WDET doesn’t do much in the way of concrete community building like many of the other organizations my fellow Semester in Detroit cohort members are interning at. The internship program in WDET’s newsroom is specifically meant to train and produce radio journalists. Jerome has been running the program for over 25 years and he’s seen many fine radio journalists come out and land successful careers at both commercial and public radio stations. So, WDET isn’t a community-building organization in that sense.
However, as an entity which people in the Metro-Detroit area (and beyond) gather their local news from, it kind of does build community that way. In the way that communities should be informed of their goings-ons.
As an intern going through the Newsroom internship I am there to acquire skills and hopefully get a job afterwards. But I am also producing the news to be played/said on air. So, in that way I am contributing to community-building.
Also, I’m not sure if I know exactly what community-building is? Like, what does that even mean? Is it literally making [new] neighborhoods for people to come live in? Because if so, then Mike Ilitch and Dan Gilbert are doing an excellent job of that by redeveloping the midtown and downtown areas. Like The District Detroit project.
Nestled within the center of The District Detroit, Columbia Street will continue to surprise locals and guests with an intriguing, intimate and timeless experience. Rich with architectural flare and downtown personality, this neighborhood already has and will continue to hold the heart of small town main street. By day, the seemingly quiet neighborhood will encourage exploration as unique shops, boutiques, galleries, and cafes invite visitors to stroll, linger and relax while meeting friends or enjoying a moment of solitude. As the sun sets on this area that has been home to the Fox Theatre and the Fillmore, the mood turns festive while restaurants, wine bars, jazz clubs and speakeasies will come to life offering a social, vibrant hangout. Framed by trees, flowers and greenery, Columbia Street will evoke a welcoming and neighborly feeling from the first visit forward.
Perfectly positioned in heart of the city, Columbia Park will be home to Detroit’s newest urban green space. This neighborhood, once an important industrial center, will become a place to relax and refresh during a busy day, after work or on the weekend. New offices, retail specialty shops and loft-style condos will surround this tree-shaded respite. With the city’s skyline as a backdrop, it will be easy to take advantage of the views while enjoying a meal at a terraced cafe. This area was filled with hotels before it became an important industrial center. Once again, people will be able to stroll through the manicured gardens, people-watch while lounging on the lawn, or give the pup some exercise at the dog run. Columbia Park will soon offer boundless opportunities to play, interact, relax and connect.
Woodward Square will be the soul of The District Detroit, the new home of the Detroit Red Wings and Detroit Pistons.
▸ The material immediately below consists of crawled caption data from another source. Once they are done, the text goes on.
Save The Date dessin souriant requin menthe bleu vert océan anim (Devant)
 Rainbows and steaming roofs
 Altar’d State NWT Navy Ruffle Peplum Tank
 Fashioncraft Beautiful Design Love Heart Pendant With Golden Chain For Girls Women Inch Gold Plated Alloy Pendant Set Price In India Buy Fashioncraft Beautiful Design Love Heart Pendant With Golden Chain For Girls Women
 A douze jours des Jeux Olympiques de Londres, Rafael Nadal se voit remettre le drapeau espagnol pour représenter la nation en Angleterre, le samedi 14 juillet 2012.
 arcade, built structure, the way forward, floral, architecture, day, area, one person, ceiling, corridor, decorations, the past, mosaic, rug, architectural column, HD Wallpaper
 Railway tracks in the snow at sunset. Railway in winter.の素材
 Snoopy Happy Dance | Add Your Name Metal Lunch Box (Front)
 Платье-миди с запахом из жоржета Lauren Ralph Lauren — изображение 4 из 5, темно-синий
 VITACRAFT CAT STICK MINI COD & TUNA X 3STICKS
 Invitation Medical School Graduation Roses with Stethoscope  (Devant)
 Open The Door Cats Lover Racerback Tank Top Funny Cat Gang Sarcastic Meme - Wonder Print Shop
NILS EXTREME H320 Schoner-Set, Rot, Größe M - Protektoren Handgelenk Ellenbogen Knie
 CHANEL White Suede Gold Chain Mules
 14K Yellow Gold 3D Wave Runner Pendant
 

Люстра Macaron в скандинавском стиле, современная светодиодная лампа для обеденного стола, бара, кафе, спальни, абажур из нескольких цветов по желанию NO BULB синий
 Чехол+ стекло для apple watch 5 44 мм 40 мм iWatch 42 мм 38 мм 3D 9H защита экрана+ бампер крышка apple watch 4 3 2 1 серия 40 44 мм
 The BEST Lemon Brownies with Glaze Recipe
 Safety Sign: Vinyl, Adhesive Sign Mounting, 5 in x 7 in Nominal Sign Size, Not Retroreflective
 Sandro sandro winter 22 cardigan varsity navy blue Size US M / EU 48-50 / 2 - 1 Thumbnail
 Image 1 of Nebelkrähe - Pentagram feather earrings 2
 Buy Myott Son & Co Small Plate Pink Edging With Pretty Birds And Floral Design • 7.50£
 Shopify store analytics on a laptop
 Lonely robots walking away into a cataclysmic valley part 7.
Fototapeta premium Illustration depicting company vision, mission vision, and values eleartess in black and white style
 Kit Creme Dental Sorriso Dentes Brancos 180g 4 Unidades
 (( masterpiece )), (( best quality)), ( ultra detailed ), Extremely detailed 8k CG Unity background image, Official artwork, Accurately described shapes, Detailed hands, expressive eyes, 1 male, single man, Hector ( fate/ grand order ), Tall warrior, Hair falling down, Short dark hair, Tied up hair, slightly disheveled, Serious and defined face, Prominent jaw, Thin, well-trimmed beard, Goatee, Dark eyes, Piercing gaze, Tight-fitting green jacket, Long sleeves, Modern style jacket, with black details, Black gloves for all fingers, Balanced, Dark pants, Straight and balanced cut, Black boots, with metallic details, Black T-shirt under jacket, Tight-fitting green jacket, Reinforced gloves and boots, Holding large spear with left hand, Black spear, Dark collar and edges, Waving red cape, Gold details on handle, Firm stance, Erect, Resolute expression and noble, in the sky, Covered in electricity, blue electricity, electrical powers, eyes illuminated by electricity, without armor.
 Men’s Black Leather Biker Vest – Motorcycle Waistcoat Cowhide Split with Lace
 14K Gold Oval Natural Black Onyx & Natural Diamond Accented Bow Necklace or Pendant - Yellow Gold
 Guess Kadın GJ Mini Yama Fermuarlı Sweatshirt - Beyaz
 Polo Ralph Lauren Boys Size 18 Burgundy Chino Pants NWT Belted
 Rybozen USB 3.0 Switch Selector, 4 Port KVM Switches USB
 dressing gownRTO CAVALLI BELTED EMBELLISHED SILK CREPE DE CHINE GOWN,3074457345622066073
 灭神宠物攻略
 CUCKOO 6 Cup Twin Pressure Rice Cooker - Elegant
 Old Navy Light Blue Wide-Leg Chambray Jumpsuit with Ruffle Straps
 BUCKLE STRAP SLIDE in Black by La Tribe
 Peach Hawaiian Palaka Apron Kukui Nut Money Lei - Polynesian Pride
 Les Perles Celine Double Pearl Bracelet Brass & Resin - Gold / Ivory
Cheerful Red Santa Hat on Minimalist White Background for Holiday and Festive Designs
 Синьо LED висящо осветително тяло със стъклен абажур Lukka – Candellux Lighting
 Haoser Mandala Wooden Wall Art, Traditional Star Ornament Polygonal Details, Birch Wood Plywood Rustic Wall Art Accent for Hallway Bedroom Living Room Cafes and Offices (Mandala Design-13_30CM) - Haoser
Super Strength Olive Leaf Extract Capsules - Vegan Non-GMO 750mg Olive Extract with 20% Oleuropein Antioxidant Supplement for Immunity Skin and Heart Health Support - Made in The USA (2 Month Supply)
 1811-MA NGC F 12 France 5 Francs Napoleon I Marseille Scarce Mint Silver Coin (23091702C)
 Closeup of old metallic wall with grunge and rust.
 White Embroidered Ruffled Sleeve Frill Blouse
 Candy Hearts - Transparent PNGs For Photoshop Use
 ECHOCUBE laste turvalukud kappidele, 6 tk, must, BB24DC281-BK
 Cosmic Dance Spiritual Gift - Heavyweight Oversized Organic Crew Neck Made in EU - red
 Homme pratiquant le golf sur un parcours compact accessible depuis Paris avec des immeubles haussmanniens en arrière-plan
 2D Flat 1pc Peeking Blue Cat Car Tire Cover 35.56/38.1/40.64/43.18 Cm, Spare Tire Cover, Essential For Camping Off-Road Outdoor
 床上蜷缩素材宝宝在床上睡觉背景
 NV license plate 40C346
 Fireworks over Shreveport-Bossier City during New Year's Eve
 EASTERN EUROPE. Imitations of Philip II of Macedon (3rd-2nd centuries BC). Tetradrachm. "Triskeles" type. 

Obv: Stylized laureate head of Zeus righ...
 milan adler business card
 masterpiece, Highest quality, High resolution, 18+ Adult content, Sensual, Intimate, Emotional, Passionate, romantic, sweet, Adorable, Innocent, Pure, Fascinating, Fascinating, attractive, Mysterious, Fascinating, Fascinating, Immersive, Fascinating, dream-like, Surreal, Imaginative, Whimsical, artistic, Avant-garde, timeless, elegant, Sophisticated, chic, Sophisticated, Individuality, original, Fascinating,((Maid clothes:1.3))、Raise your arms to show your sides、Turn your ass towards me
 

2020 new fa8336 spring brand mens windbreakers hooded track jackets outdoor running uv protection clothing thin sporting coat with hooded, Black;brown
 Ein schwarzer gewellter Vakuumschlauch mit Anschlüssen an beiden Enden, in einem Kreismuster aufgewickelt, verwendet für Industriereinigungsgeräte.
But this neighborhood will be home to much more than great sports events. It will be alive and buzzing every day, all year long as tourists and fun-seekers come together for community, sports and entertainment events. At this neighborhood’s epicenter, Little Caesars Arena will be surrounded by a soaring glass-covered concourse pulsating with nightclub electricity, where food vendors, restaurants and shops will cater to a high-energy crowd that comes together to celebrate. Outside, an expansive public space will connect to Henry Street to deliver casual shopping, terraced dining, loft-living and a dynamic gathering place for activities and events.
A unique setting anchored by two national ballparks, Comerica Park, home of the Detroit Tigers and Ford Field, home of the Detroit Lions, Wildcat Corner is where fans come first. Celebrating baseball and football, the neighborhood is home to an authentic experience like few other places in the nation. On game day, Adams Street morphs into party central as fans, decked out in team colors, fill the street —relaxing, celebrating and cheering on the home team. The lively atmosphere of the street pays homage to times gone by and is characterized by a bricked avenue with architectural details that harkens back to industrial roots. Bars, shops and street vendors take part in the celebration, offering a variety of delights day or night. In this place where it’s all sports, all the time, Wildcat Corner delivers.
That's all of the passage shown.